What you will do
In the records below, reproduce exactly the lines from the one containing "Sequined Heels French" through the one containing "Kaart van de", both included, and omit the pictures.

Input records

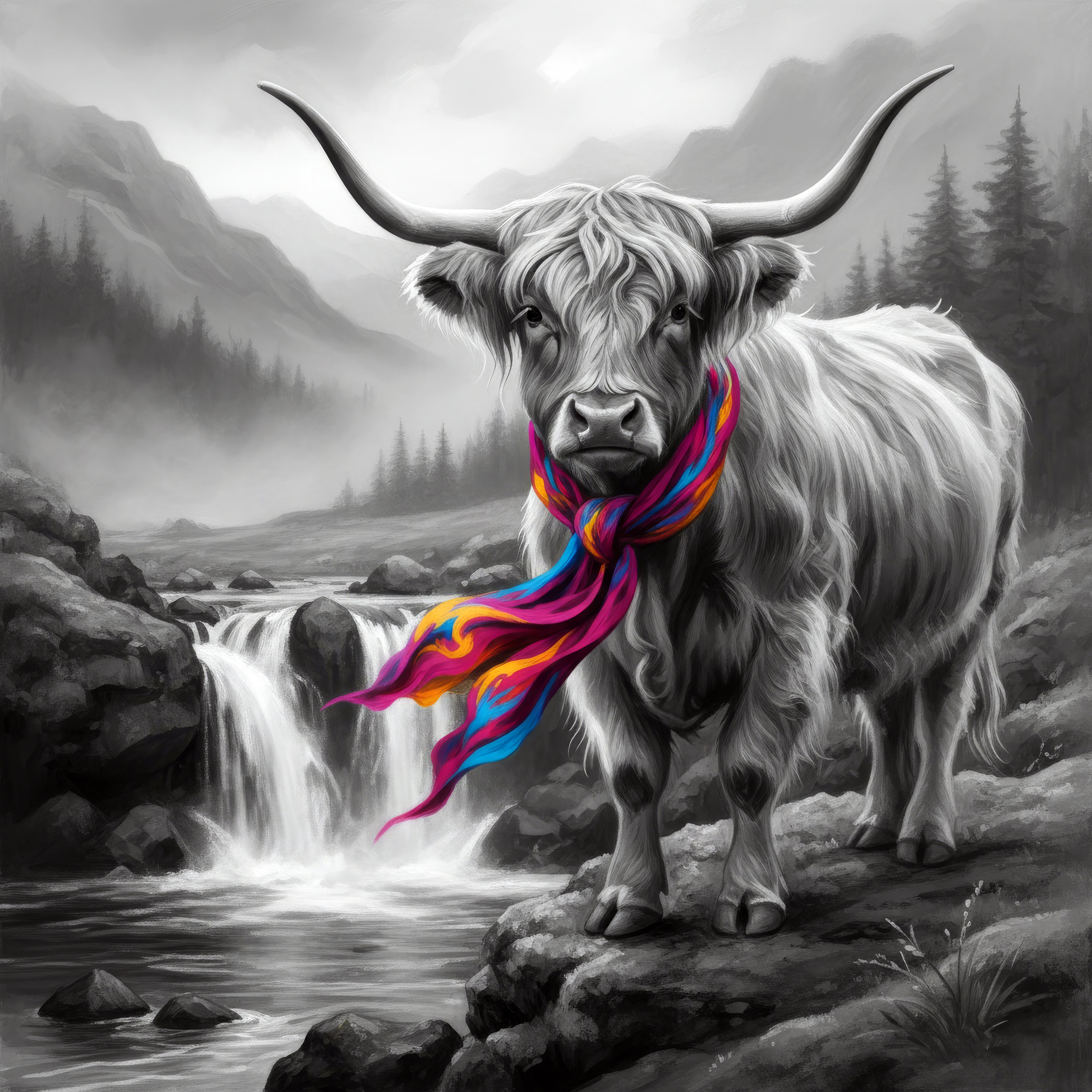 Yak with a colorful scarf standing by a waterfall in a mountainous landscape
---
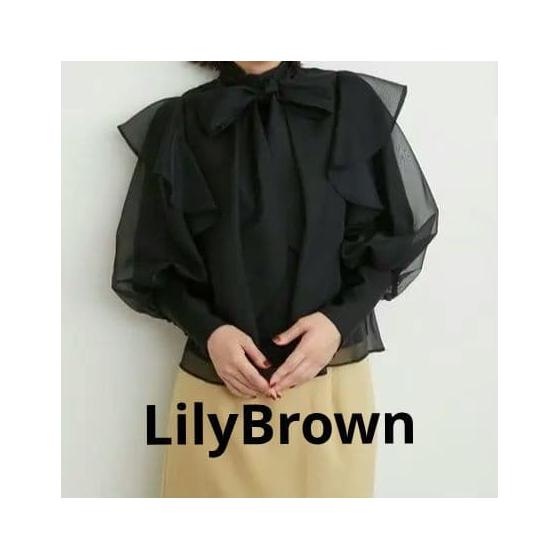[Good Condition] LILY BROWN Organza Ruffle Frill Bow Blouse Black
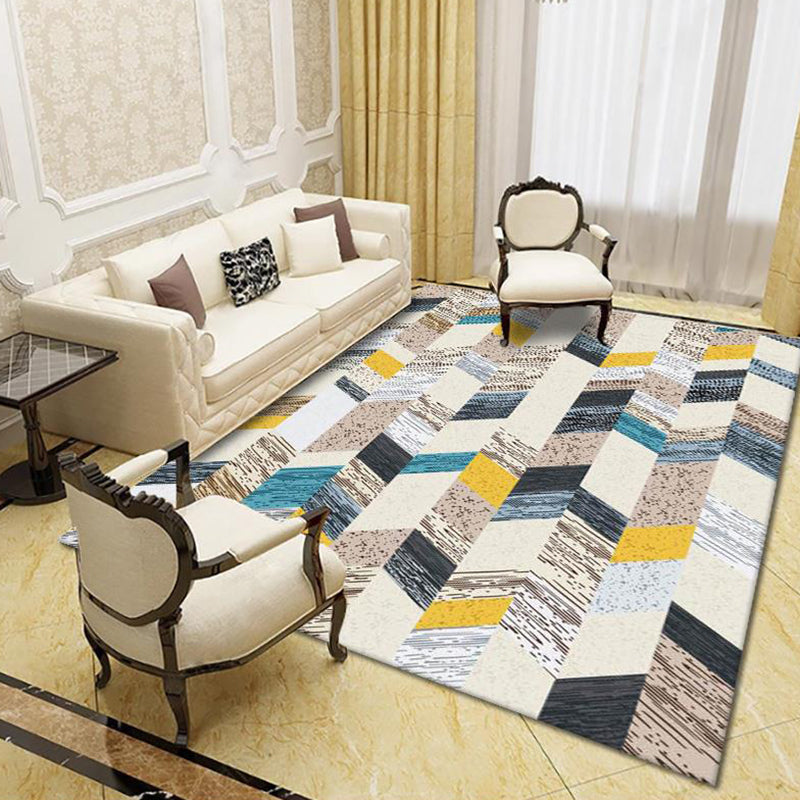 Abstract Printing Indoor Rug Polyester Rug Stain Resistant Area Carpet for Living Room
==
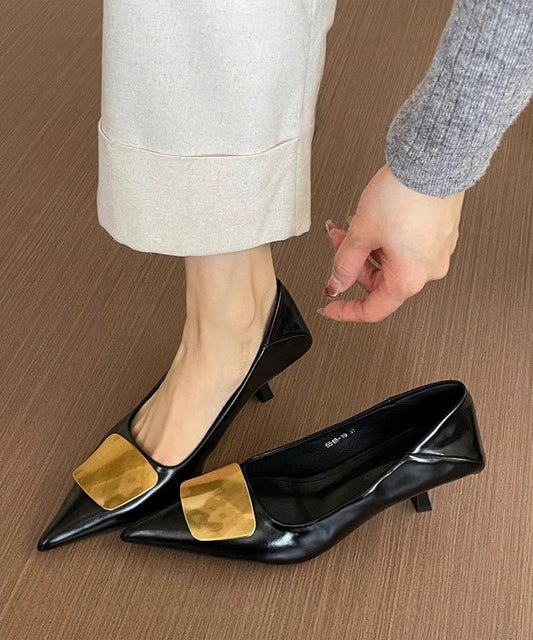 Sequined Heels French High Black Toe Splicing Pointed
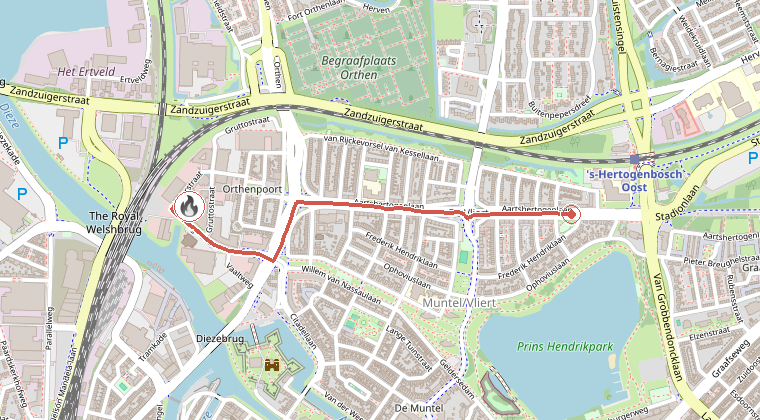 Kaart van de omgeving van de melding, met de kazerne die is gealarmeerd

Result for this task
 Sequined Heels French High Black Toe Splicing Pointed
 Kaart van de omgeving van de melding, met de kazerne die is gealarmeerd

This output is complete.